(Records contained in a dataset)
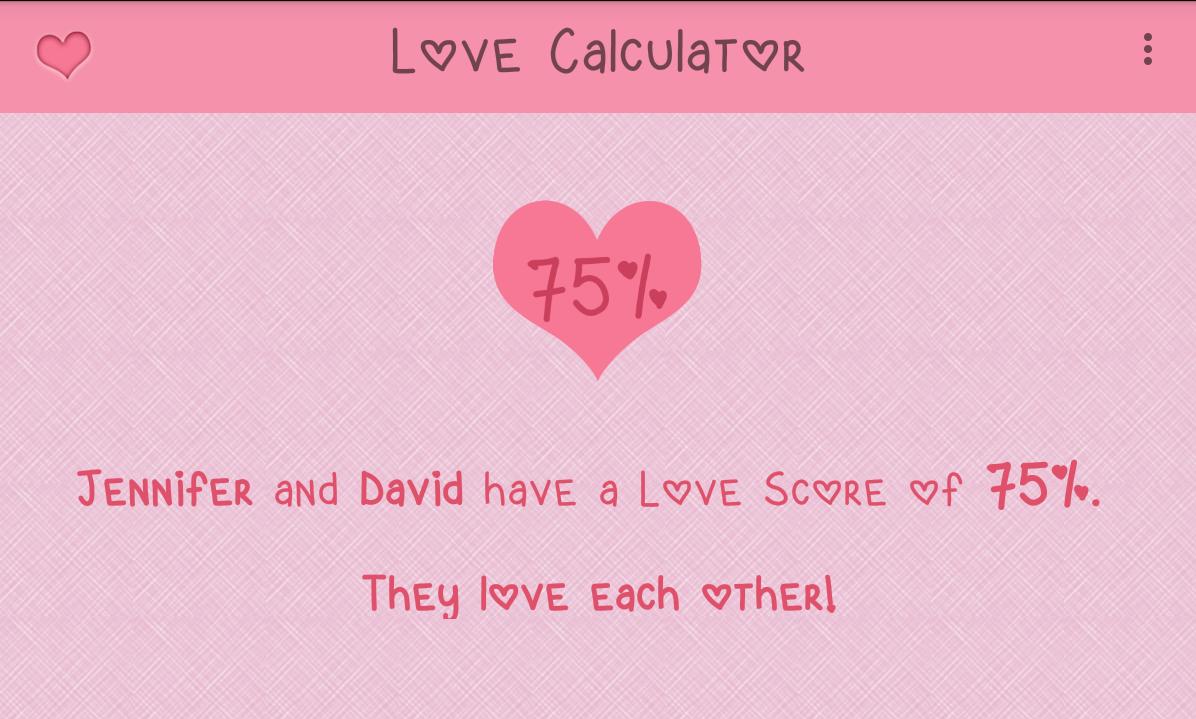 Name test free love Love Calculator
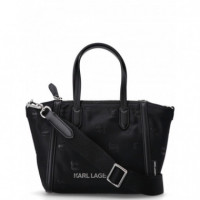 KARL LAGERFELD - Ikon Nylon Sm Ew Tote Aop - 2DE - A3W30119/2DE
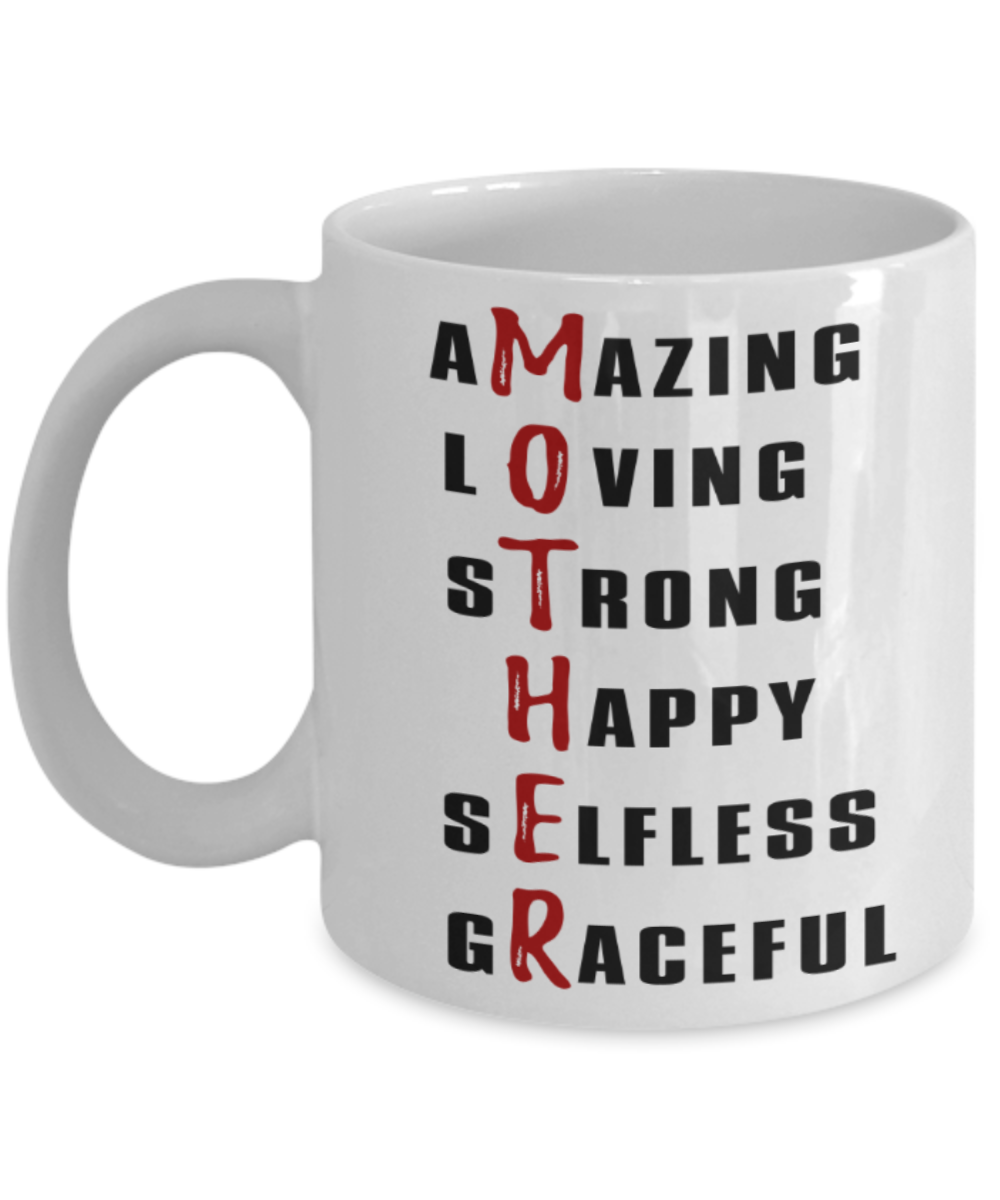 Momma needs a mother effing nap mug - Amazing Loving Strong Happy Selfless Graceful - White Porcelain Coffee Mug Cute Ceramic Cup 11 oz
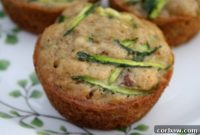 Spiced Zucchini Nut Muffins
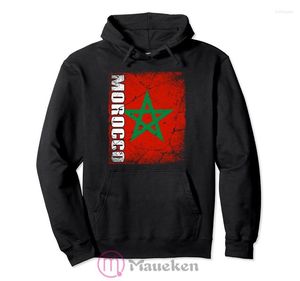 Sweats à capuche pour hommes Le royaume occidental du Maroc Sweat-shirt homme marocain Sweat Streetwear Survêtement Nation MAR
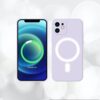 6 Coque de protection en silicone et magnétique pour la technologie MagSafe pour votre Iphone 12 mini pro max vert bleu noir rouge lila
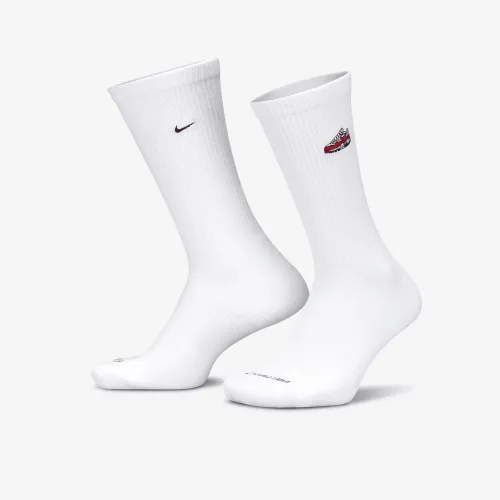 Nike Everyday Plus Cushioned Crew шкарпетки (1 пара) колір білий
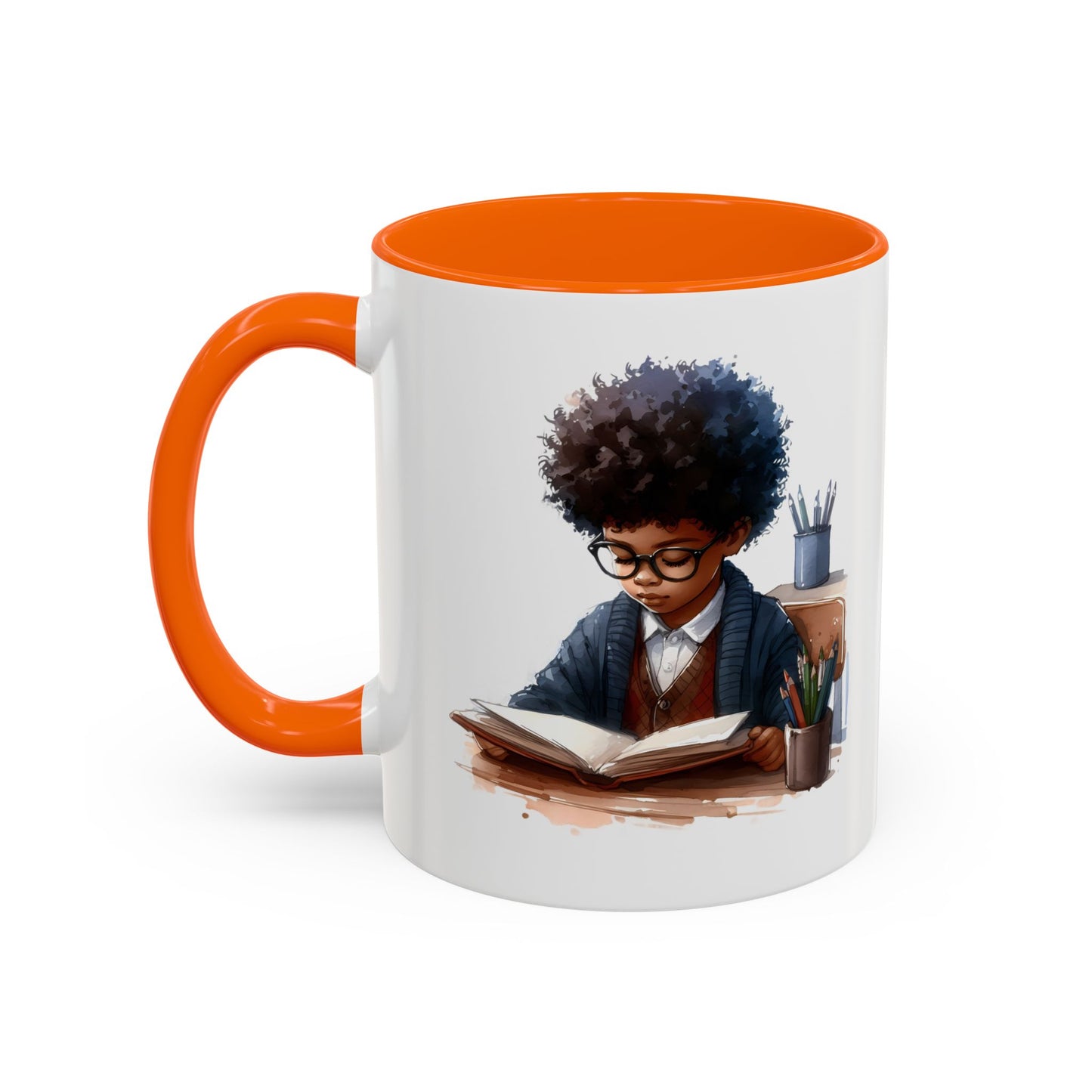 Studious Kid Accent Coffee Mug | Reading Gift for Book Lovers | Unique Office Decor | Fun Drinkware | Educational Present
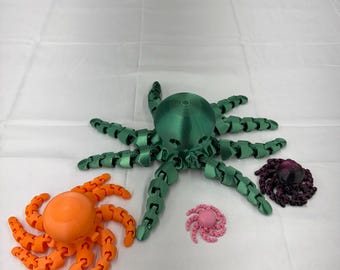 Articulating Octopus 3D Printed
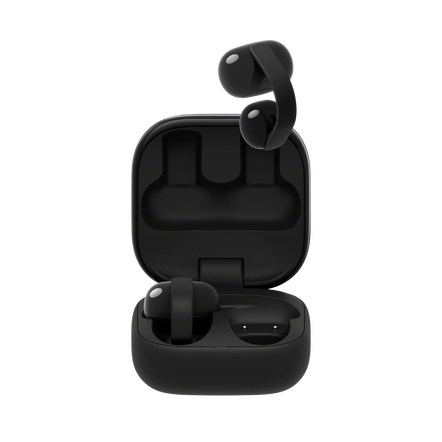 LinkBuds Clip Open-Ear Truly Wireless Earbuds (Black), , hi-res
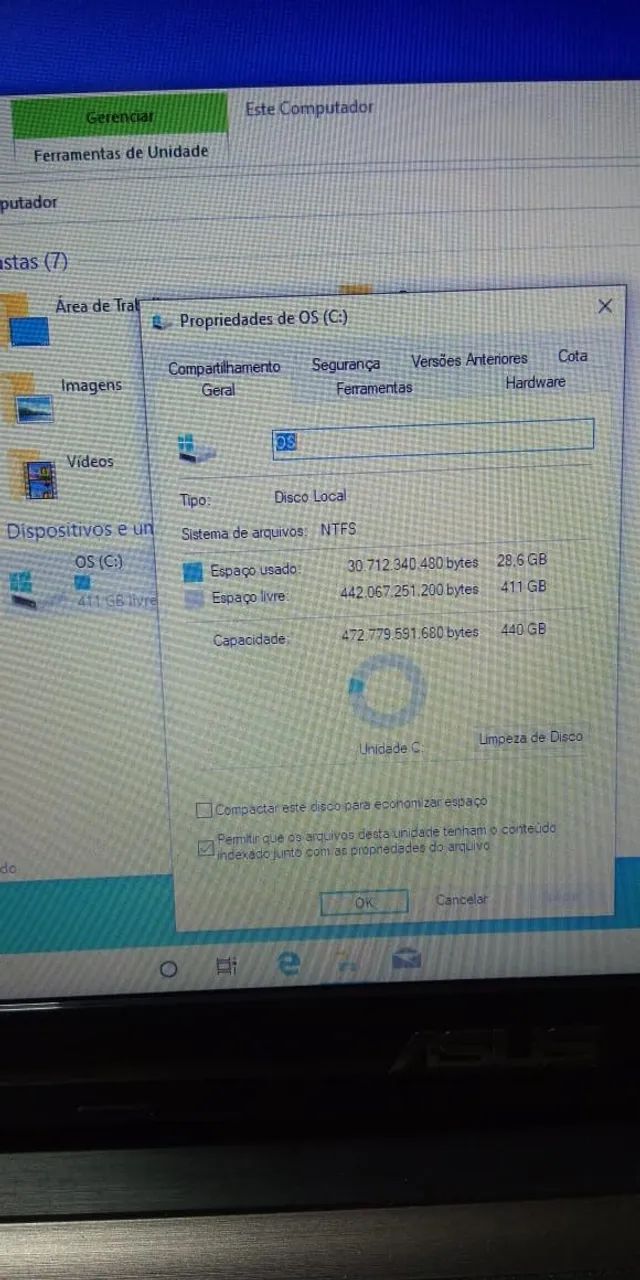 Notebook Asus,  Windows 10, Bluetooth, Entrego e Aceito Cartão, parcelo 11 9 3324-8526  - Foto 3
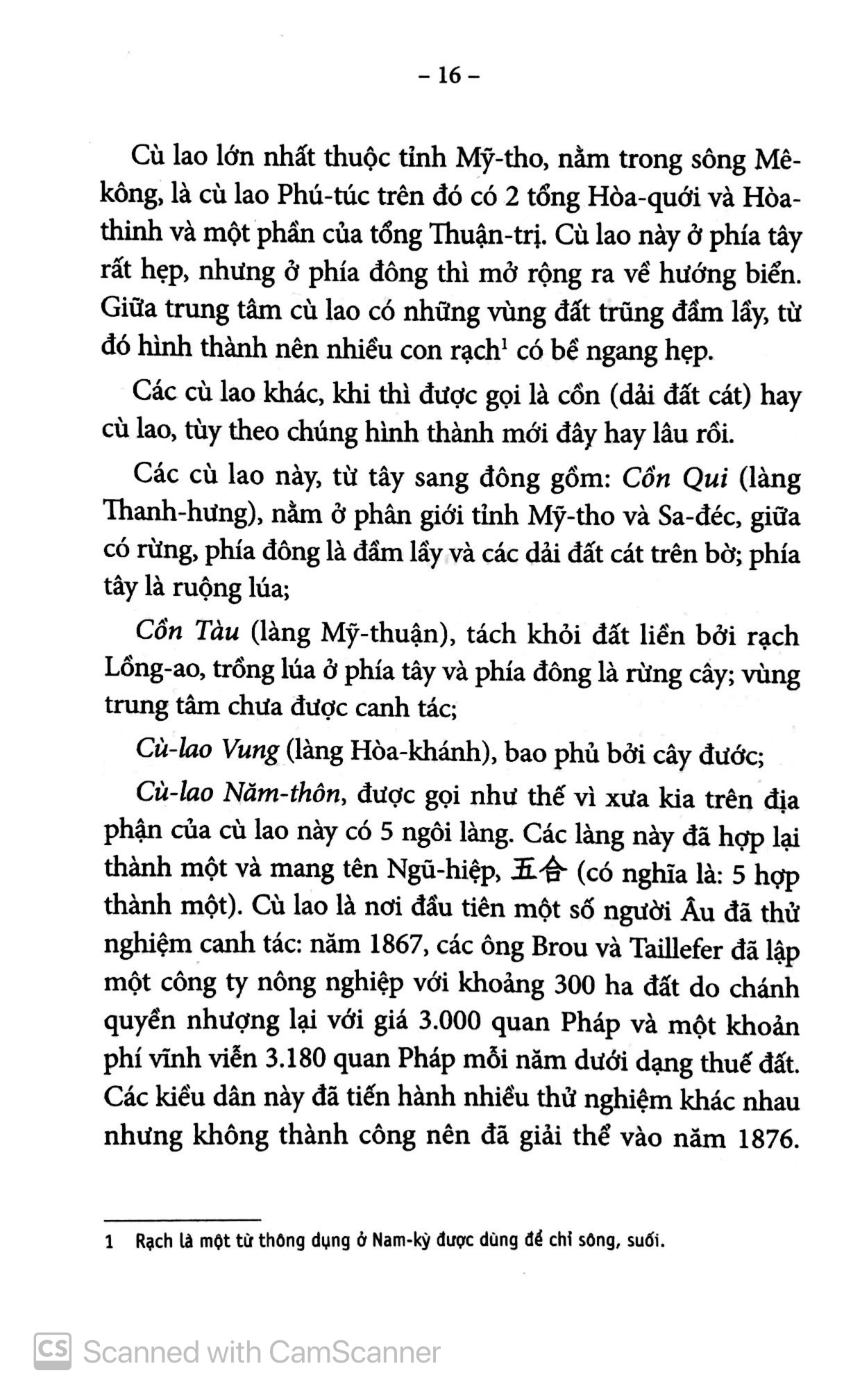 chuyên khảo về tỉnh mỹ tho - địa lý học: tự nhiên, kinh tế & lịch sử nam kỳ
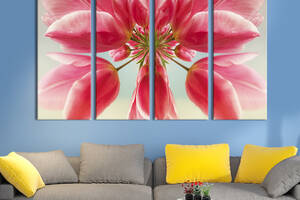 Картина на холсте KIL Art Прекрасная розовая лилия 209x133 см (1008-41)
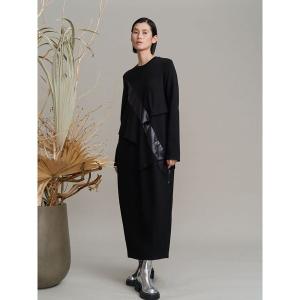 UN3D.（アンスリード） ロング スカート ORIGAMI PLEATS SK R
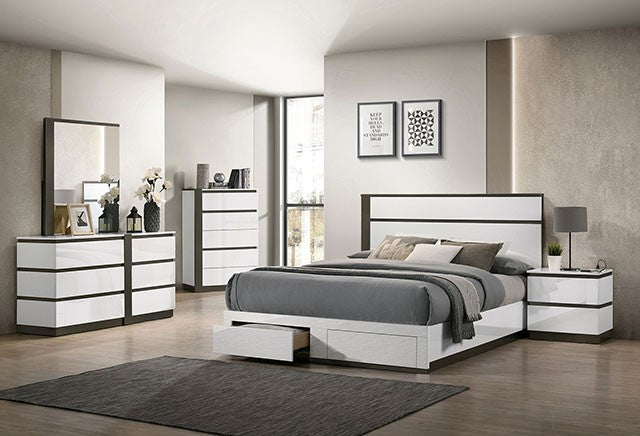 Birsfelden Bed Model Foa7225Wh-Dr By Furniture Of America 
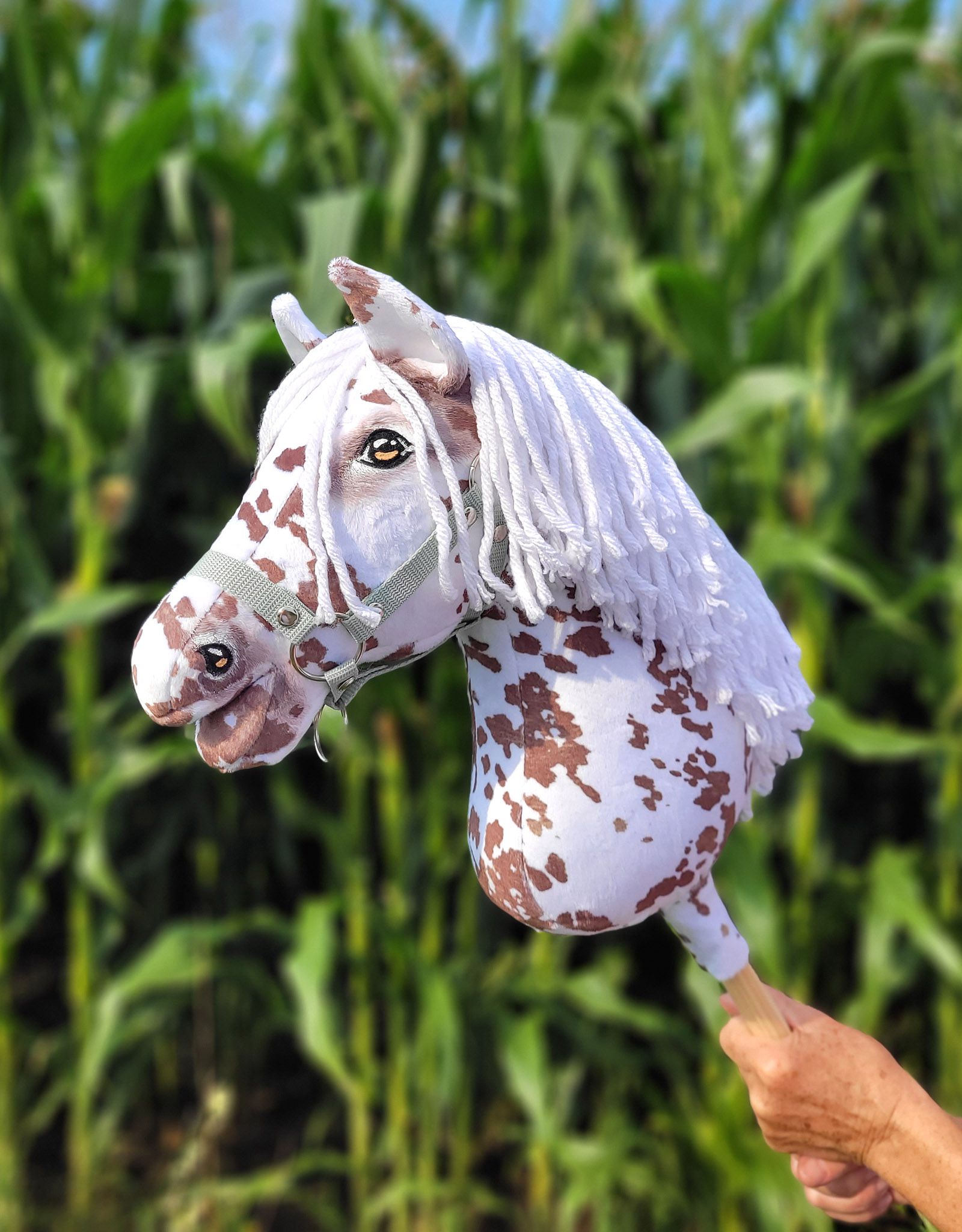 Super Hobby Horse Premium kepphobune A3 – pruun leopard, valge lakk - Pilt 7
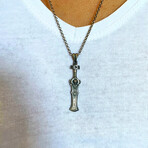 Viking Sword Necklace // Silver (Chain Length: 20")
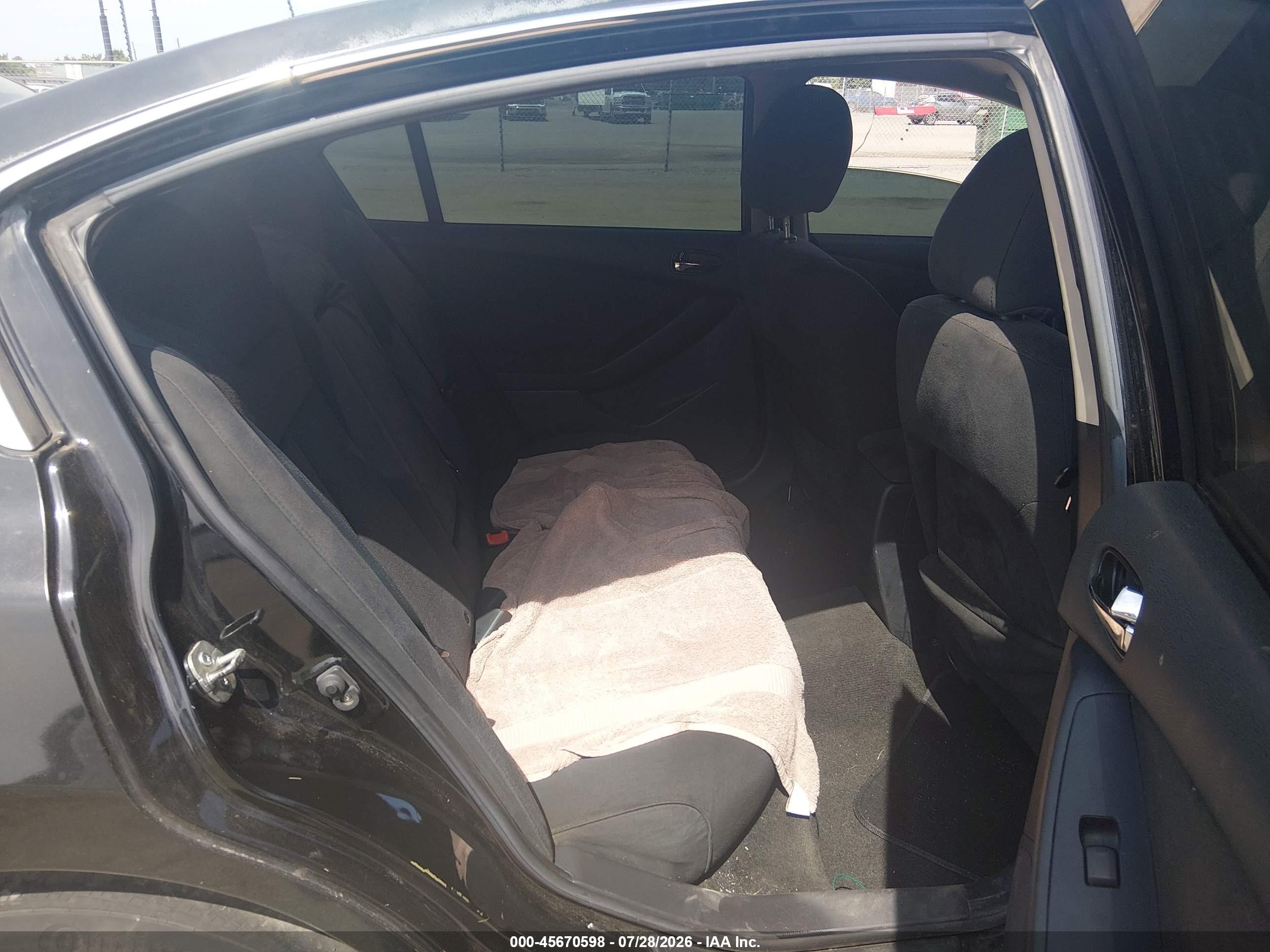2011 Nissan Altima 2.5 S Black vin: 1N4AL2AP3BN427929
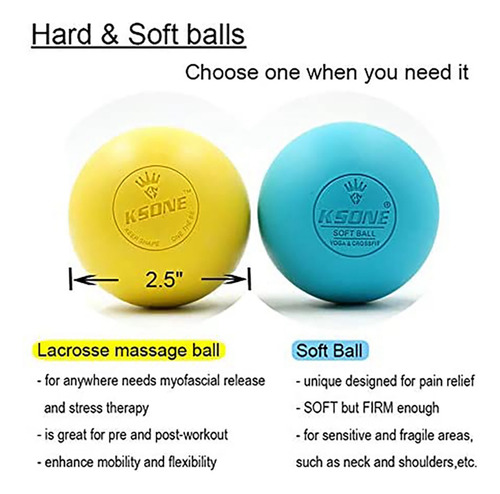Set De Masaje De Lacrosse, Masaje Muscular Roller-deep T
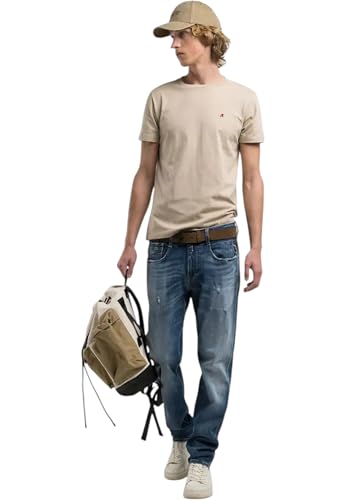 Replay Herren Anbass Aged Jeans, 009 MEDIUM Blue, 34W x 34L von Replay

Exercise details => Set down each entry above word for word, without its pictures.

Finished exercise =>
 Name test free love Love Calculator
 KARL LAGERFELD - Ikon Nylon Sm Ew Tote Aop - 2DE - A3W30119/2DE
 Momma needs a mother effing nap mug - Amazing Loving Strong Happy Selfless Graceful - White Porcelain Coffee Mug Cute Ceramic Cup 11 oz
 Spiced Zucchini Nut Muffins
 Sweats à capuche pour hommes Le royaume occidental du Maroc Sweat-shirt homme marocain Sweat Streetwear Survêtement Nation MAR
 6 Coque de protection en silicone et magnétique pour la technologie MagSafe pour votre Iphone 12 mini pro max vert bleu noir rouge lila
 Nike Everyday Plus Cushioned Crew шкарпетки (1 пара) колір білий
 Studious Kid Accent Coffee Mug | Reading Gift for Book Lovers | Unique Office Decor | Fun Drinkware | Educational Present
 Articulating Octopus 3D Printed
 LinkBuds Clip Open-Ear Truly Wireless Earbuds (Black), , hi-res
 Notebook Asus,  Windows 10, Bluetooth, Entrego e Aceito Cartão, parcelo 11 9 3324-8526  - Foto 3
 chuyên khảo về tỉnh mỹ tho - địa lý học: tự nhiên, kinh tế & lịch sử nam kỳ
 Картина на холсте KIL Art Прекрасная розовая лилия 209x133 см (1008-41)
 UN3D.（アンスリード） ロング スカート ORIGAMI PLEATS SK R
 Birsfelden Bed Model Foa7225Wh-Dr By Furniture Of America 
 Super Hobby Horse Premium kepphobune A3 – pruun leopard, valge lakk - Pilt 7
 Viking Sword Necklace // Silver (Chain Length: 20")
2011 Nissan Altima 2.5 S Black vin: 1N4AL2AP3BN427929
Set De Masaje De Lacrosse, Masaje Muscular Roller-deep T
 Replay Herren Anbass Aged Jeans, 009 MEDIUM Blue, 34W x 34L von Replay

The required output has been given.